● Data extract:

────

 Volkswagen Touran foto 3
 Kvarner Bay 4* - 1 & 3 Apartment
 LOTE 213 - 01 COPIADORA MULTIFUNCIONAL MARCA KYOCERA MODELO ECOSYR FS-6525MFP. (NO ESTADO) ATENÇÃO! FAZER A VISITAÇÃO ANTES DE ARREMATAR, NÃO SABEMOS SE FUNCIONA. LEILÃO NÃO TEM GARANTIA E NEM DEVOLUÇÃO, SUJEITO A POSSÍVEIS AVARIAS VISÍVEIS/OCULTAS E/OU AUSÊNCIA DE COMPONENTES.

────

● Work instruction: Retype every line of the listing, word for word, from its opening line to the line that holds "Kvarner Bay 4* - 1 & 3 Apartment", and include that last line too.

● Solved exercise:
 Volkswagen Touran foto 3
 Kvarner Bay 4* - 1 & 3 Apartment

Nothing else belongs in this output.